--- WORK REQUIRED ---
Each line below from the "Стеклоподъемник, 2630 рублей, Красноярск" line through the "旅行车大众十万左右 9a7c" line, those two included, must be restated word for word; the pictures must not be.

--- MATERIAL SHOWN ---
################
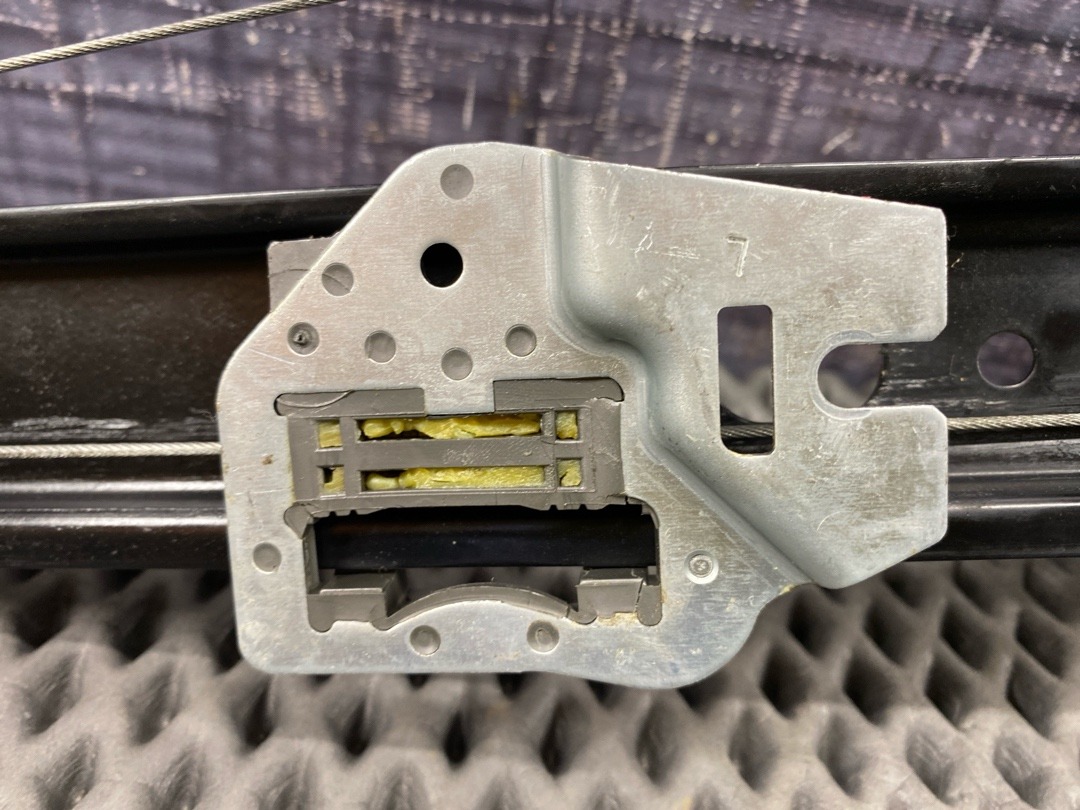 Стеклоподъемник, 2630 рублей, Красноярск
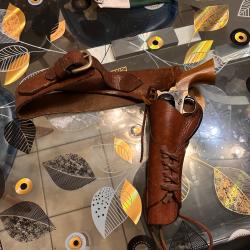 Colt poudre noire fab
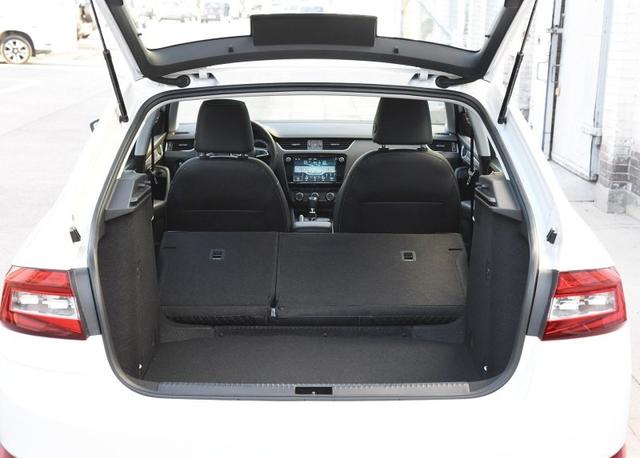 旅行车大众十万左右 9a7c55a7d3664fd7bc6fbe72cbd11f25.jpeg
################
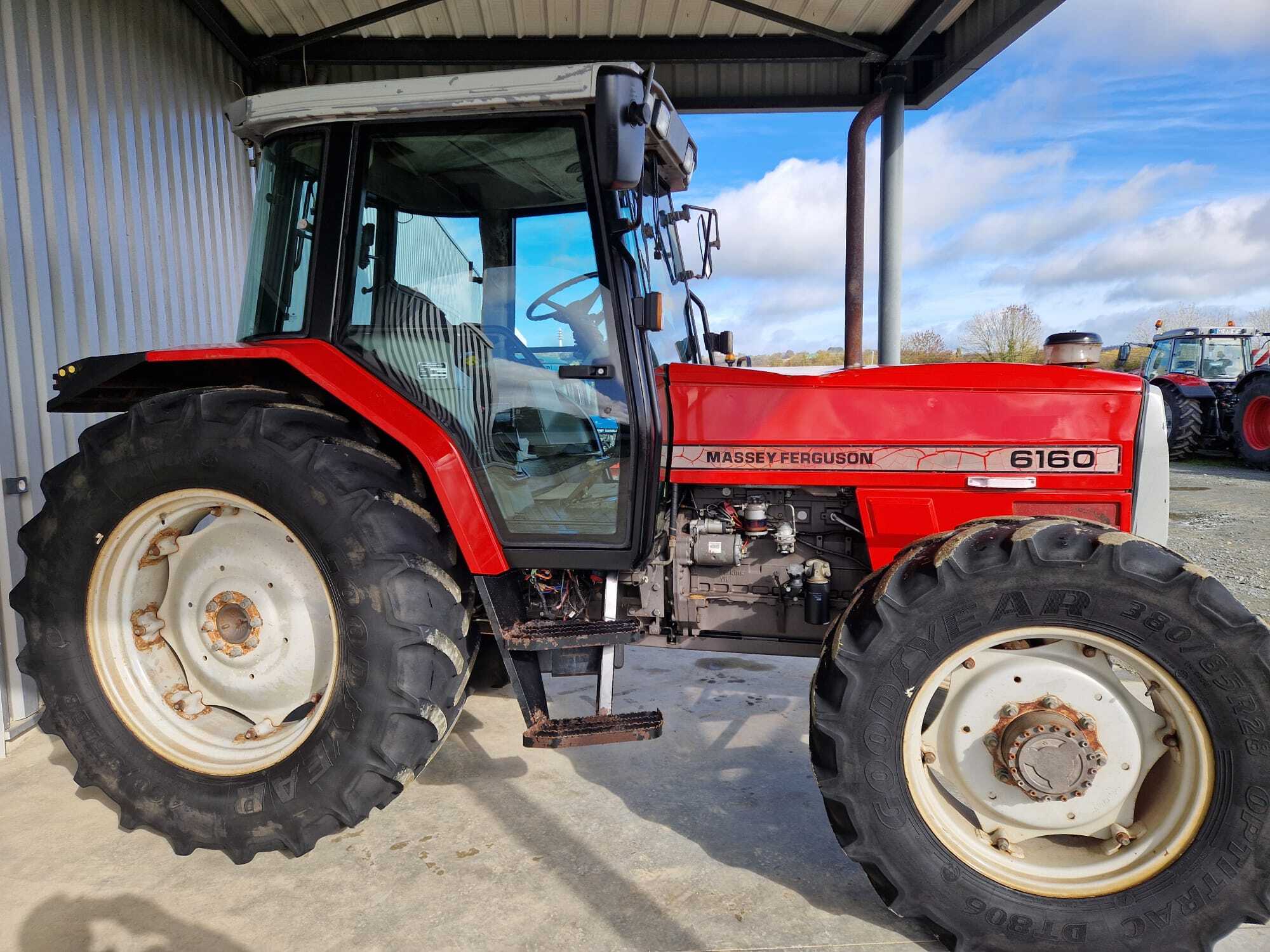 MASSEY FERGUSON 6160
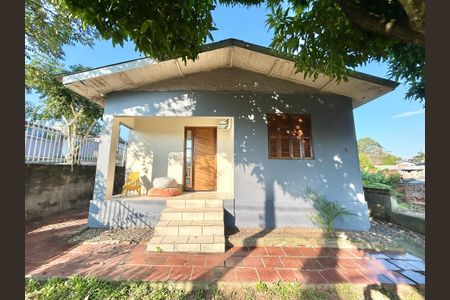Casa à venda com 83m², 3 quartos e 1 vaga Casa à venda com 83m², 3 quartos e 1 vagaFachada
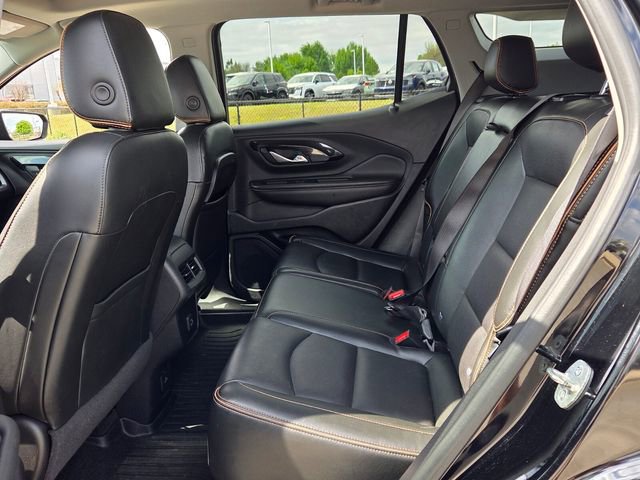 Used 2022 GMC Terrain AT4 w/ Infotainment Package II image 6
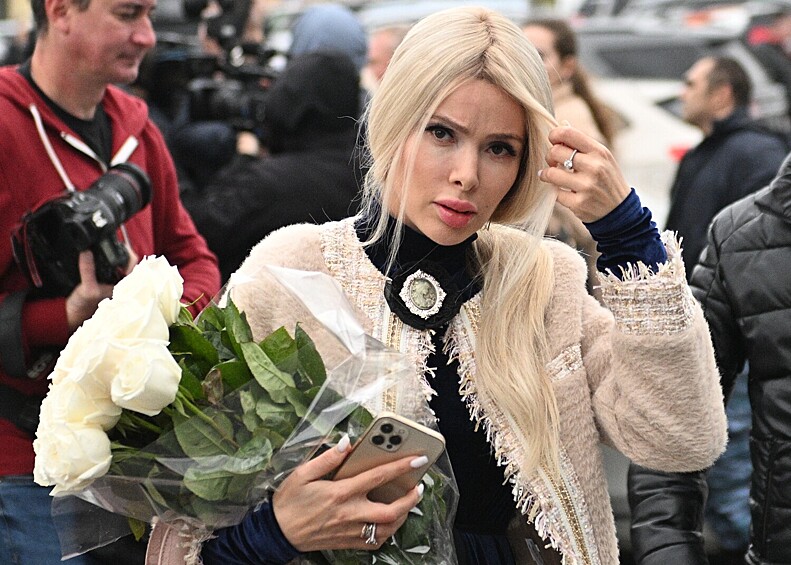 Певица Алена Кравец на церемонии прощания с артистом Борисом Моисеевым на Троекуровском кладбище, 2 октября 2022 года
################
--- REPLY TO THE EXERCISE ---
 Стеклоподъемник, 2630 рублей, Красноярск
 Colt poudre noire fab
 旅行车大众十万左右 9a7c55a7d3664fd7bc6fbe72cbd11f25.jpeg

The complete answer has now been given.